Mauro Mendes apresentou, na ocasião, o decreto de intervenção que entrou em vigor ontem. Agora, cabe à Câmara de Vereadores dar, ou não, o aval final para o início da medida. O presidente da Câmara Júlio Pinheiro, na presença de outros 10 vereadores, afirmou que a pauta entra em votação ainda hoje.
Com isso, a novela da concessionária que se arrasta desde 2014 pode chegar ao fim. Os trabalhos de intervenção, que ficarão sobre a direção do até então secretário de Obras Marcelo de Oliveira (que deve ser exonerado do atual cargo), serão realizados nos próximos 180 dias, podendo ser prorrogado.
Nesse período, nenhum pagamento será feito à concessionária. Além disso, os diretores da CAB Cuiabá serão afastados dos respectivos cargos enquanto durar o período de intervenção.
Para o prefeito Mauro Mendes, a decisão foi tomada após um “trabalho minucioso”. O ato de intervenção foi elaborado pela Procuradoria Geral do Município, por recomendação da Agência de Serviços Públicos Delegados de Cuiabá (Arsec). Mendes afirmou que uma das saídas mais viáveis é que o Grupo Galvão, dono da CAB, venda a empresa para um novo investidor. No entanto, caso não haja saída, a prefeitura afirmou que tentará todas as medidas possíveis para evitar batalhas judiciais intermináveis.
Marcelo de Oliveira terá que apresentar em 30 dias um plano emergencial, com ações e investimentos para aumentar a produção de água. No mesmo prazo, ele deve elaborar um relatório contendo os principais indicadores financeiros, operacionais e de investimentos.
Além disso, será realizada uma nova auditoria na CAB Cuiabá para apurar os contratos e pagamentos feitos e se as tarifas e recursos arrecadados estão sendo corretamente empregados. Se houver irregularidades, o interventor poderá pedir a caducidade da concessão, ou seja, o rompimento do contrato.

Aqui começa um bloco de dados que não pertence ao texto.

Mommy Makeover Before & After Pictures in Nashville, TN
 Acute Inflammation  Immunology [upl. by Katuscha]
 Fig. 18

Segundo o procurador-geral do Município, Rogério Gallo, vários indícios de irregularidades teriam sido encontrados na auditoria.
“Percebemos, por exemplo, que a concessionária tem quatro anos de resultados negativos, mas paga premiações altíssimas aos diretores; até 2015 foram R$ 2 milhões”, disse.

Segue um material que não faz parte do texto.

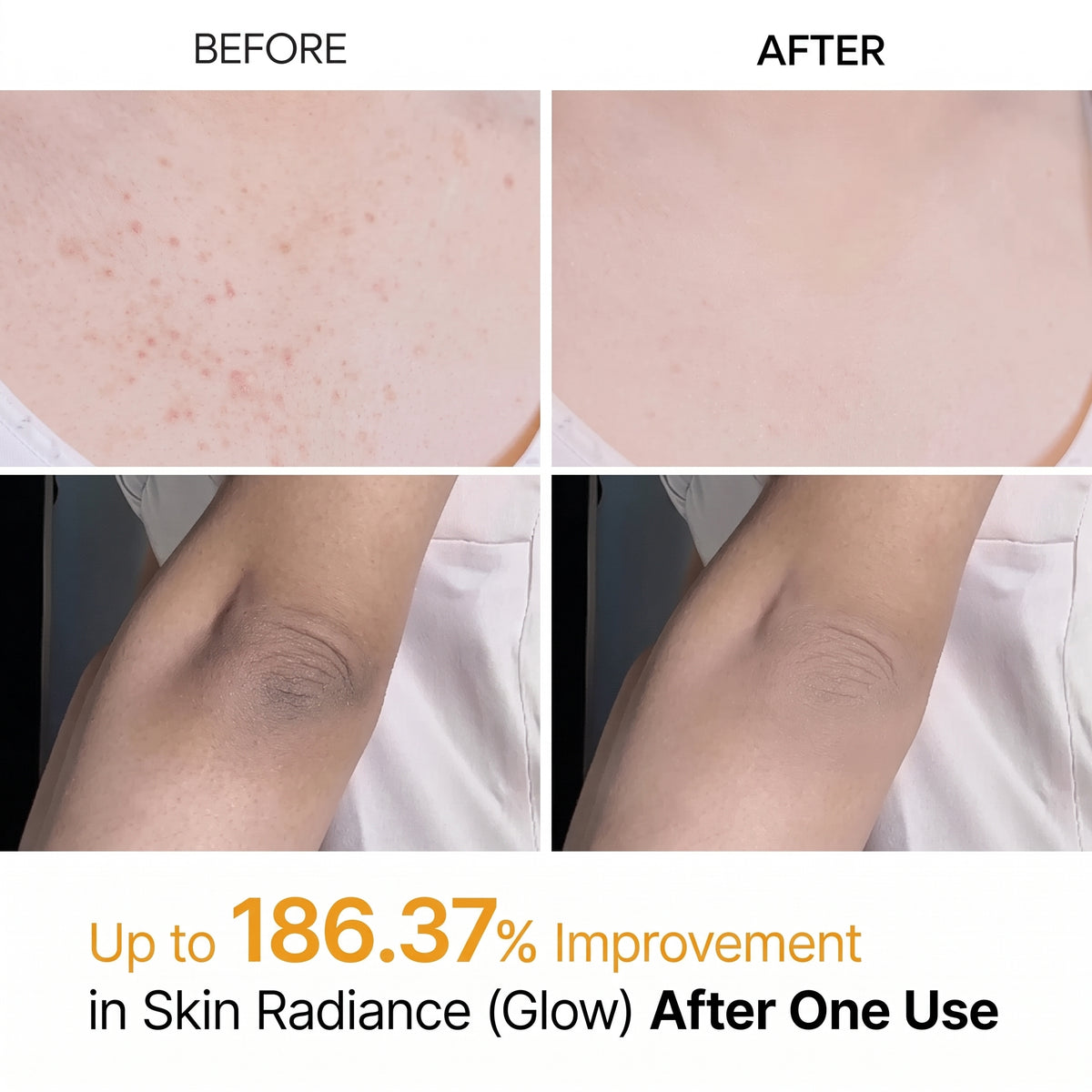Dr.Melaxin Peel Shot Kojic Acid Spray for Skin Brightening & Skin Care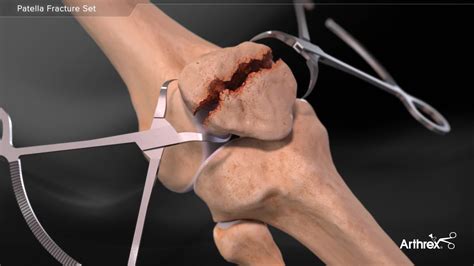 Arthrex - Patella Fracture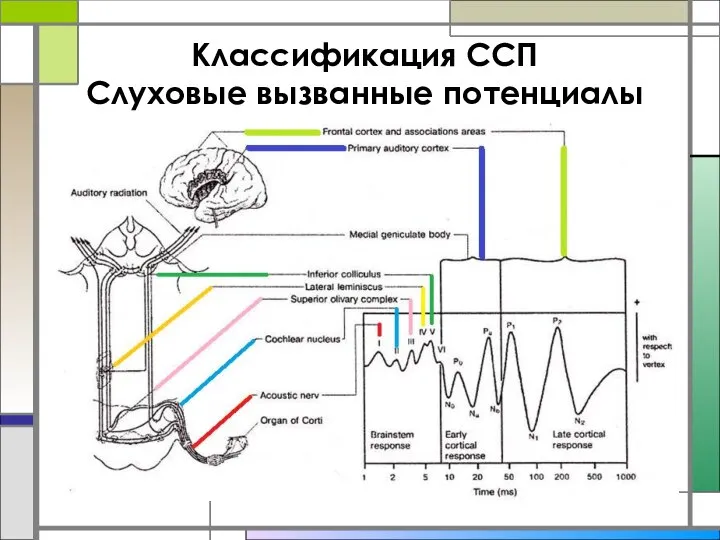 Классификация ССП Слуховые вызванные потенциалы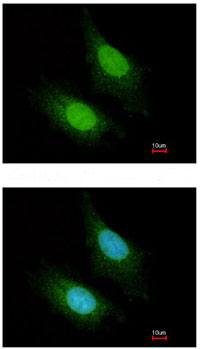 Immunocytochemistry/ Immunofluorescence - Anti-MCPIP1 antibody (AB97910), expandable thumbnail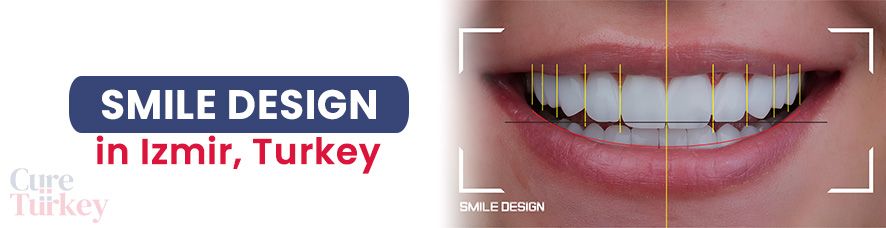 Smile Design - Izmir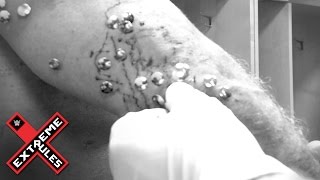 Chris Jericho gets tacks removed from his body after Extreme Rules: May 23, 2016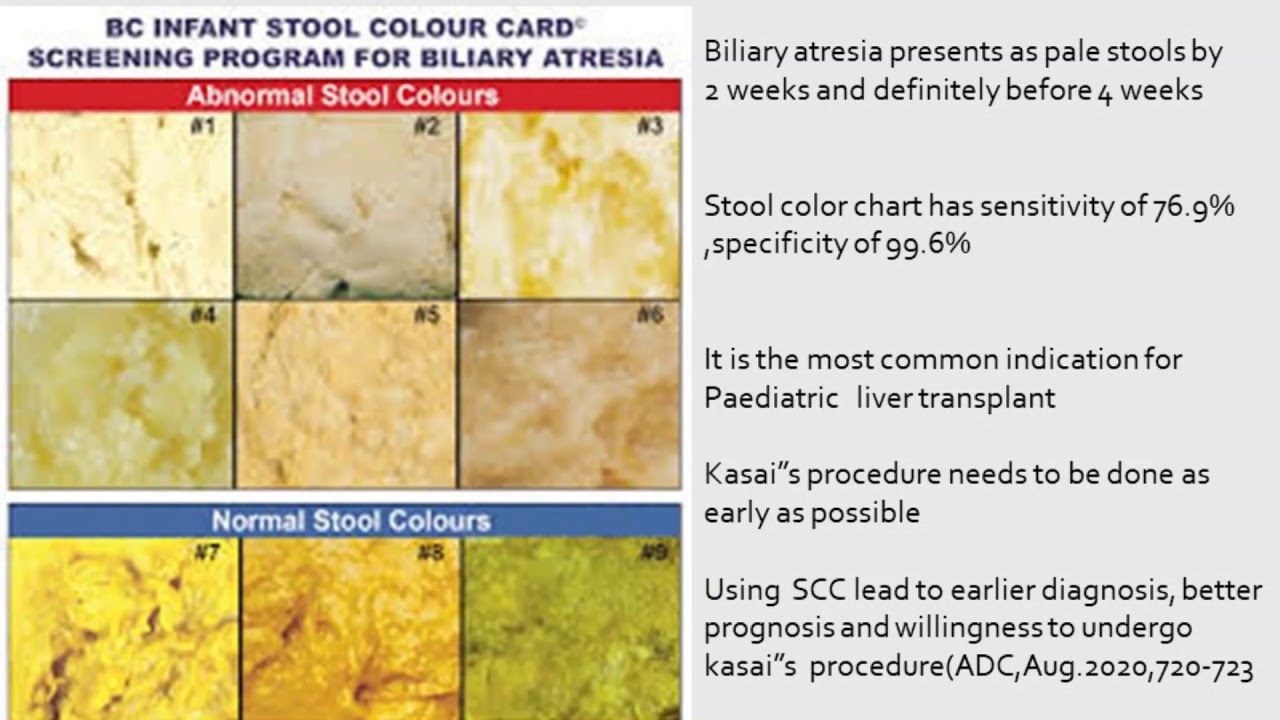 12 free printable stool color charts word pdf - medical stool color ...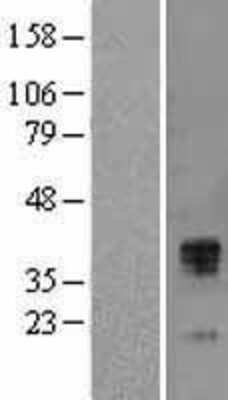 Western Blot: TFPI Overexpression Lysate [NBL1-16845]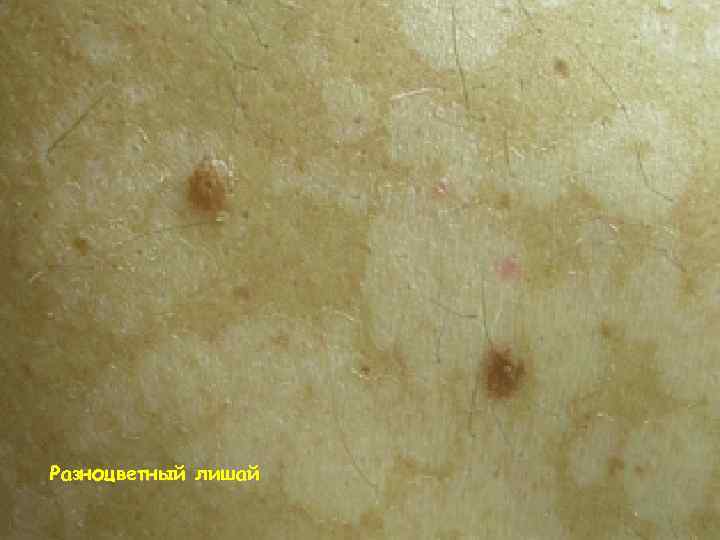 Разноцветный лишай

O procurador também pontuou “indícios de fraude” em um contrato em que a CAB Ambiental recebia R$ 435 mil ao mês para prestar assistência técnica para a CAB Cuiabá. Além de duplicidade de pagamentos, haveria pagamentos a empresas que não existem e a contratação de sucessivos empréstimos inclusive para pagar a outorga de R$ 115 milhões, tendo onerado o fluxo de caixa da concessão nos quatro primeiros anos em R$ 138 milhões.

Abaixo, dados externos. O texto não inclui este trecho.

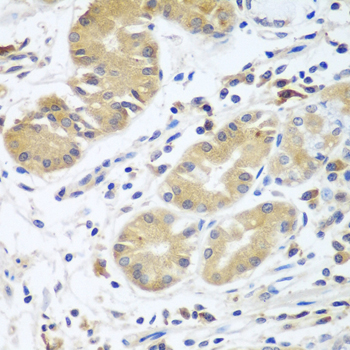 Anti-Complement factor D Polyclonal Antibody (CAB8117)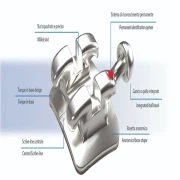 Titanium_alloy_metal_injection_molded_orthodontic_brackets_1716105324481_2.jpg_w180
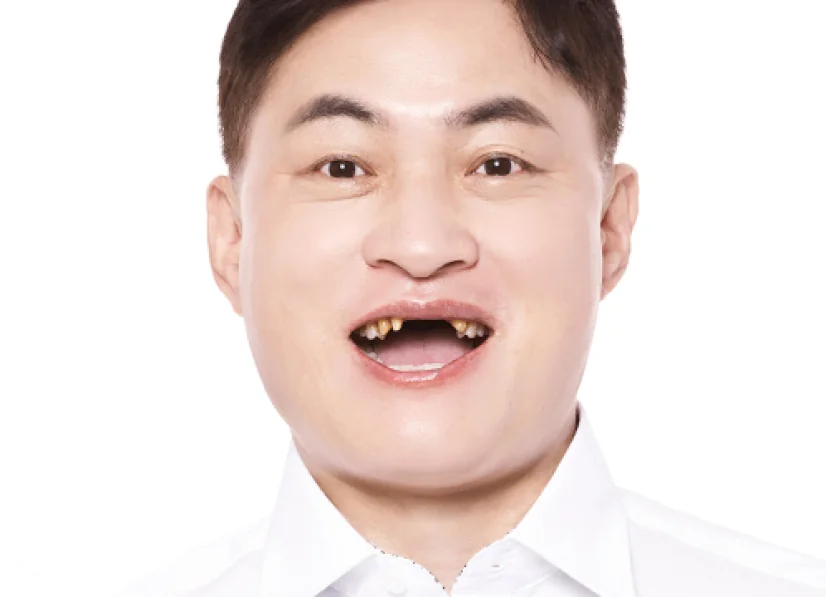 李OO 治疗前照片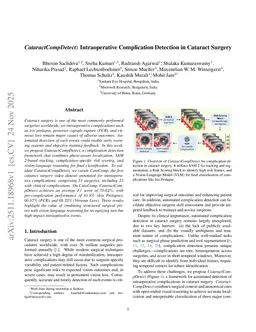 CataractCompDetect: Intraoperative Complication Detection in Cataract Surgery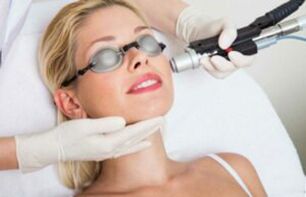 Laser gezichtshuidverjongingsprocedure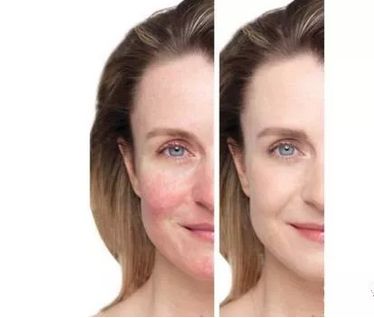 红血丝皮肤护理方案话术,红血丝肌肤的护理方法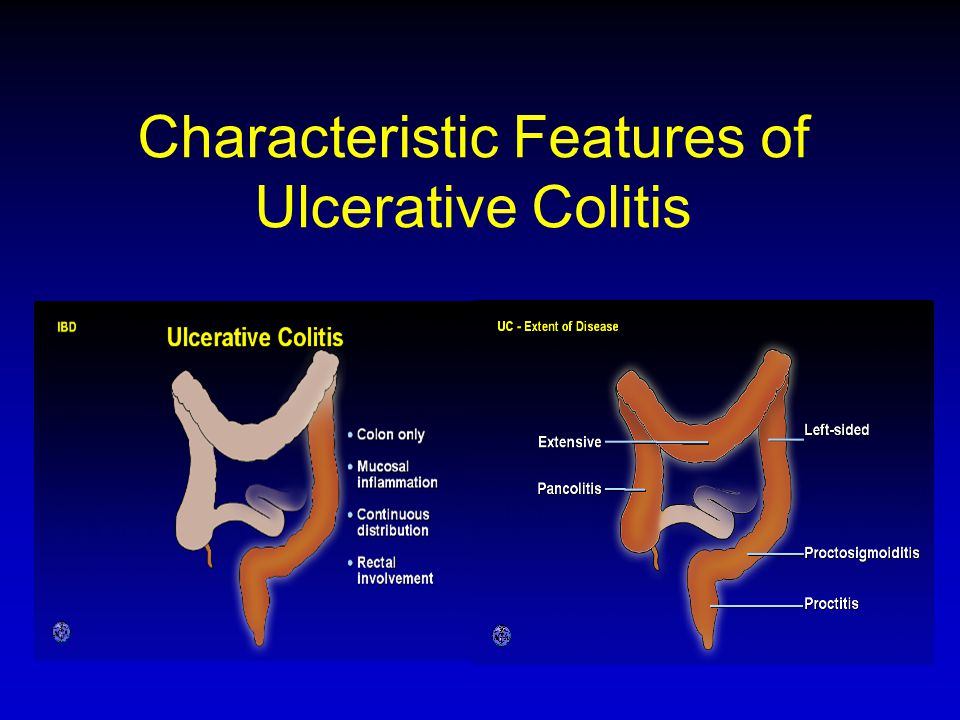 Characteristic Features of Ulcerative Colitis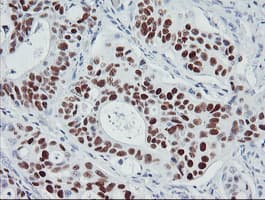 TP53 / p53 Antibody (clone OTI3A6)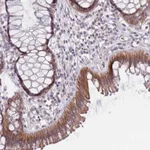 Atlas Antibodies Anti-PRAC1 Antibody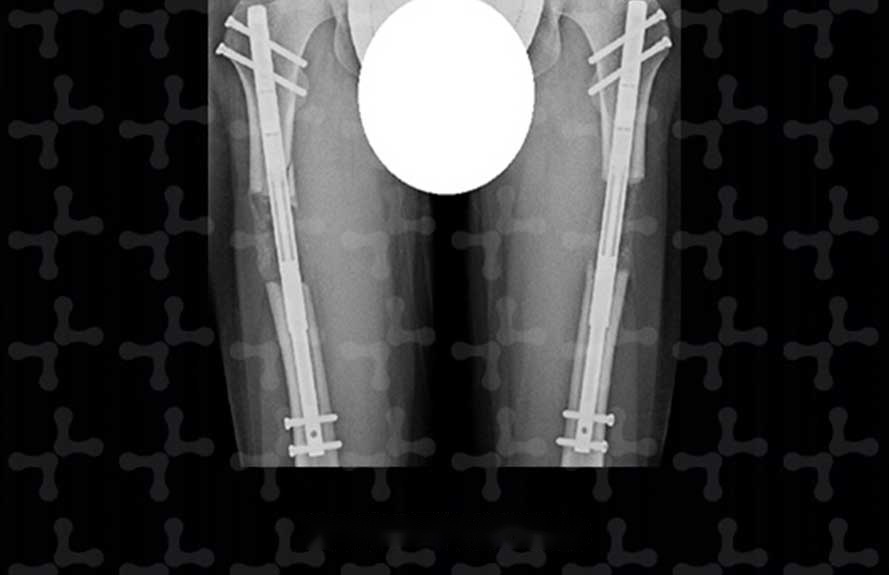 X-ray of thighbones after Ilizarov lengthening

No índice de endividamento geral, a CAB tem 100,8% dos seus ativos em dívidas. “A empresa sequer tinha dinheiro para pagar pela exploração dos serviços. As irregularidades são graves, pois se trata de dinheiro das nossas tarifas. Não se gasta dinheiro de concessionária como se quer”, disse Gallo.
O relatório de auditoria aponta que, nos três primeiros anos, a concessionária teria deixado de investir R$ 177 milhões que deveriam ter sido aplicados na questão da água tratada e do esgoto.
Para o presidente da Agência Municipal de Regularização de Serviços Delegados (Arsec), Alexandre Bustamante, outros relatórios já feitos pela agência apontavam “inconformidades” nos serviços prestados pela CAB Cuiabá. “Se atitudes não forem tomadas pelo prefeito, o sistema de água e esgoto entra em colapso”, afirmou Bustamante.
OUTRO LADO – Procurada, A CAB Cuiabá informou que iria se posicionar ainda ontem sobre o assunto – o que não ocorreu até o fechamento desta edição, às 20h10.